# Custom CUDA kernel for nontrivial sum calculations

Suppose I want to calculate the following sum: C_{nm}=\sum_i A_{ni}B_{im} (in reality, something more complicated). The corresponding code could be

function cpu_add!(C, A, B)
@. C = 0
for i in axes(A,1)
for m=1:2, n=1:2
C[n,m] += A[i,n] * B[i,m]
end
end
return nothing
end

N = 100
A = ones(N, 2)
B = ones(N, 2)
C = zeros(2, 2)



Now I would like to accelerate this calculation using CUDA. I know how to write the corresponding kernel for a single pair of n and m:

using CUDA

function gpu_add_single(A, B, n, m)
T = eltype(A)
N = size(A, 1)
nth = min(256, prevpow(2,N))
nbl = cld(N, nth)
shmem = sizeof(T) * nth
psum = CUDA.zeros(T, nbl)   # partial sum
@sync @cuda threads=nth blocks=nbl shmem=shmem kernel_single(psum, A, B, n, m)
return sum(psum)
end

function kernel_single(psum, A, B, n, m)
id = (blockIdx().x - 1) * blockDim().x + threadIdx().x
stride = blockDim().x * gridDim().x

Ctmp = zero(eltype(psum))
for i=id:stride:size(A,1)
Ctmp += A[i,n] * B[i,m]
end

block_reduction!(psum, Ctmp)
return nothing
end

function block_reduction!(psum, temp)
shmem = @cuDynamicSharedMem(eltype(psum), blockDim().x)
shmem[ishmem] = temp

# for reductions, nthreads must be a power of 2:
i = div(blockDim().x, 2)
while i >= 1
if ishmem <= i
shmem[ishmem] += shmem[ishmem + i]
end
i = div(i, 2)
end

if ishmem == 1
psum[blockIdx().x] = shmem
end
return nothing
end

N = 100
A = CUDA.ones(N, 2)
B = CUDA.ones(N, 2)

C12 = gpu_add_single(A, B, 1,2)


However, I do not understand how to write the kernel which do the summation for all n and m at once, like in the CPU code above. Here, instead of the 1D array for partial sum psum, I should have a higher dimensional array. But I do not get how to properly work with it, e.g. how to work with the corresponding shared memory and how to make the proper block reduction. Can you please help me with it?

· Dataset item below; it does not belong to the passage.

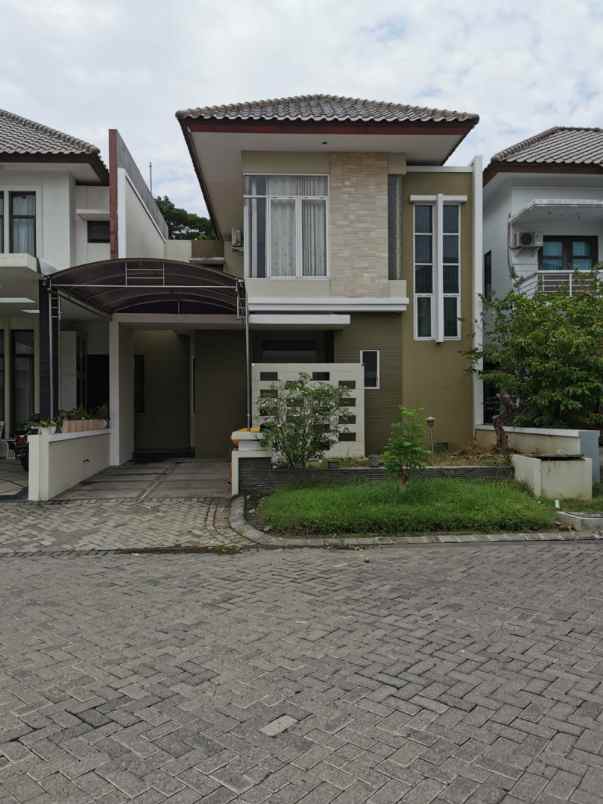 dijual rumah royal residence cluster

We don’t really have reduction primitives for use in kernels, only mapreducedim! from the host is supported. That said, you can try and re-use CUDA.reduce_block, e.g., look at the example in Training/2-2-kernel_analysis_optimization.ipynb at master · JuliaComputing/Training · GitHub

Thank you. I will take a look.